## Task directions:
In the entries that follow, find the line containing "2005 S Quincy", then output exactly every line from the first through that one.

-- Available records follows --

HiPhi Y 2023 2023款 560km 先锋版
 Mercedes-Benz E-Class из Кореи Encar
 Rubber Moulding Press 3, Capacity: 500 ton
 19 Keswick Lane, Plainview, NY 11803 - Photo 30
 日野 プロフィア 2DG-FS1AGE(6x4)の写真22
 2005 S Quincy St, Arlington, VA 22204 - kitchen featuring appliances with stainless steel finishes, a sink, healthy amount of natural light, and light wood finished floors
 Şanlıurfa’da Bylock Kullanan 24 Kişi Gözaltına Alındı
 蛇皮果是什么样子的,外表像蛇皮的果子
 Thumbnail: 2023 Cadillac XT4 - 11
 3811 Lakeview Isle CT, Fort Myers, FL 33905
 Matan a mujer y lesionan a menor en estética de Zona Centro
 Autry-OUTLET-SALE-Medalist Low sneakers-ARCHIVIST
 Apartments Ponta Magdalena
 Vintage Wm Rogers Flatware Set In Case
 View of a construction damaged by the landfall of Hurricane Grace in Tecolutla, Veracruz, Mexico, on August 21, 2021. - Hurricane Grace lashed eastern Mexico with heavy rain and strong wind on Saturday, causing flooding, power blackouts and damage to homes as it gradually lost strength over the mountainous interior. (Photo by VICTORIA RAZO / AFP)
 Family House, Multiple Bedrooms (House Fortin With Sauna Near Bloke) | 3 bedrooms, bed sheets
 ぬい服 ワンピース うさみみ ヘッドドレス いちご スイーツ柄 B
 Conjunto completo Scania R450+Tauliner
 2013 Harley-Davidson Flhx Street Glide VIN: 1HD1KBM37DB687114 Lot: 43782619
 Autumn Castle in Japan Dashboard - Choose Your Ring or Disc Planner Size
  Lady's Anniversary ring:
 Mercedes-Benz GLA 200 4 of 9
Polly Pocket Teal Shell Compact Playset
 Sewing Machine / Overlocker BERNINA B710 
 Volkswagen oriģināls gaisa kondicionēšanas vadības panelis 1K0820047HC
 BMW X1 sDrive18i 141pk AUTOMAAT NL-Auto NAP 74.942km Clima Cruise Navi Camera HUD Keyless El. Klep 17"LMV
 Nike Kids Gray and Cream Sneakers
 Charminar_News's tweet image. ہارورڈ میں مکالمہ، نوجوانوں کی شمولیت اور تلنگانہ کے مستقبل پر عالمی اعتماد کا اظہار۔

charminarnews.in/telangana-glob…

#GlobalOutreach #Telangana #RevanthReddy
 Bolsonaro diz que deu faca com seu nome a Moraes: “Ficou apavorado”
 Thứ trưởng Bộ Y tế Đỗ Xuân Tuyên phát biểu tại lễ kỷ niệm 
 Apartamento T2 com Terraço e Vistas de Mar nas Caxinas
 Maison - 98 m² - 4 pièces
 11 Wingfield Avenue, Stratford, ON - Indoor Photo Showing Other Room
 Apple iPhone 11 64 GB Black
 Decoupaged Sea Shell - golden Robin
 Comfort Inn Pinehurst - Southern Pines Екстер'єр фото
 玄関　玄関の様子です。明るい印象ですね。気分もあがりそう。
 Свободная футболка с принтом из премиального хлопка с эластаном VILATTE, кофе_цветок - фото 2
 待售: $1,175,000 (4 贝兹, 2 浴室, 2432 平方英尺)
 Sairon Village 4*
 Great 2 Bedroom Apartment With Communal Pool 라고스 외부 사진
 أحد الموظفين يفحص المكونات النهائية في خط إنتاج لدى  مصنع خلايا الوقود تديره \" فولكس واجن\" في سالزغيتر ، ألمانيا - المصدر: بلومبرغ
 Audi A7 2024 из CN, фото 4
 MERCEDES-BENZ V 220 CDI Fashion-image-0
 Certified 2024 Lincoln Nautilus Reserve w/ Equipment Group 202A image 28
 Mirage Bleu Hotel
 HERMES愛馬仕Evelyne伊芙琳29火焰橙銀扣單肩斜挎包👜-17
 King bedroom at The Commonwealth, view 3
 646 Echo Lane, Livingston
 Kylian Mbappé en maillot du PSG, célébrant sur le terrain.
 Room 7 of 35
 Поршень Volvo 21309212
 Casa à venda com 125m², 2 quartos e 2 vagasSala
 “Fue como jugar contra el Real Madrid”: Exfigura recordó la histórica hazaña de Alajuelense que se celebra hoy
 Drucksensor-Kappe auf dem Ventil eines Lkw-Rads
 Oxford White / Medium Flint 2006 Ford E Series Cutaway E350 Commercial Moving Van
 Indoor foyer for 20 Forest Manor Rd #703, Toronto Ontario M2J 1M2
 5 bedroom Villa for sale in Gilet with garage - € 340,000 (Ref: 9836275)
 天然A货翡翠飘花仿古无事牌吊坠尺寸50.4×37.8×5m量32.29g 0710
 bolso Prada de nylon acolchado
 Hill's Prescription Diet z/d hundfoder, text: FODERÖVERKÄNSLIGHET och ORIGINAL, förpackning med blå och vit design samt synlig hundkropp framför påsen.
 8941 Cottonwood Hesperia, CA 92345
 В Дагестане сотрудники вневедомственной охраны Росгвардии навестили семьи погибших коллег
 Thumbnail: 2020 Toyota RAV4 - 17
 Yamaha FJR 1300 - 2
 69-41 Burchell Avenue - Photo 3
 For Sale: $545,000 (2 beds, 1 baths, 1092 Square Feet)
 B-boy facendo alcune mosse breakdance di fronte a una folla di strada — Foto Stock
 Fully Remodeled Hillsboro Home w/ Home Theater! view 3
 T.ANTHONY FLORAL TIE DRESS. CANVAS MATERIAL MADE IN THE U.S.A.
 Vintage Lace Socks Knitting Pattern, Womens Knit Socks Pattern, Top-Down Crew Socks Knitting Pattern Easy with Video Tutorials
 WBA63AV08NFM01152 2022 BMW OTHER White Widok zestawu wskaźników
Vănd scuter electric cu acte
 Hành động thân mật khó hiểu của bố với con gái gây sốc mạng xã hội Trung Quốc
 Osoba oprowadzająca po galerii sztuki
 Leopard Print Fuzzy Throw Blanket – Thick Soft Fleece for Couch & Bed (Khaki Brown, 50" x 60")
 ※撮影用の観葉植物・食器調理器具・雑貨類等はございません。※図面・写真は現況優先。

-- Available records concluded --

## Completed exercise:
HiPhi Y 2023 2023款 560km 先锋版
 Mercedes-Benz E-Class из Кореи Encar
 Rubber Moulding Press 3, Capacity: 500 ton
 19 Keswick Lane, Plainview, NY 11803 - Photo 30
 日野 プロフィア 2DG-FS1AGE(6x4)の写真22
 2005 S Quincy St, Arlington, VA 22204 - kitchen featuring appliances with stainless steel finishes, a sink, healthy amount of natural light, and light wood finished floors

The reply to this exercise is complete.